Exercise data -
= = = = = = =

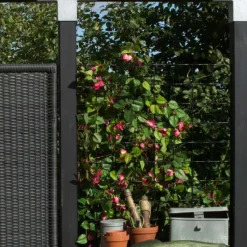 Online Plus Danmark Draadmat staal - Cubic recht zwart (90 x 140 cm)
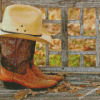 Aesthetic Cowboy Hat And Boots Diamond Painting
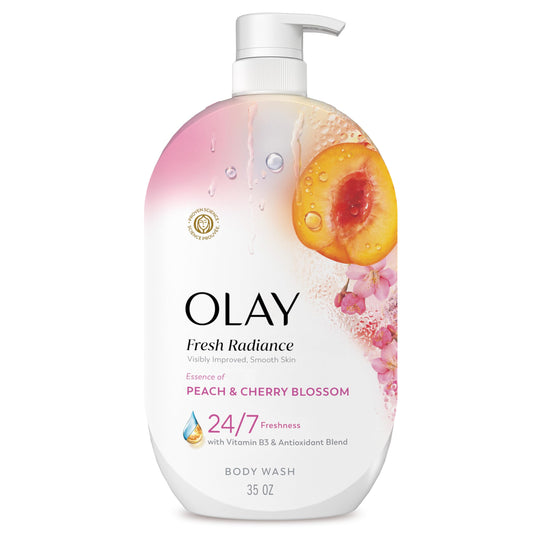 Olay Body Wash for Women, Fresh Radiance, 24/7 Skin-Loving Freshness, Visibly Radiant, Plant Based Cleansers, Vitamin B3 & Antioxidant Blend, For All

= = = = = = =

In your output, repeat the listing above exactly and include none of the pictures.

The answer -
 Online Plus Danmark Draadmat staal - Cubic recht zwart (90 x 140 cm)
 Aesthetic Cowboy Hat And Boots Diamond Painting
 Olay Body Wash for Women, Fresh Radiance, 24/7 Skin-Loving Freshness, Visibly Radiant, Plant Based Cleansers, Vitamin B3 & Antioxidant Blend, For All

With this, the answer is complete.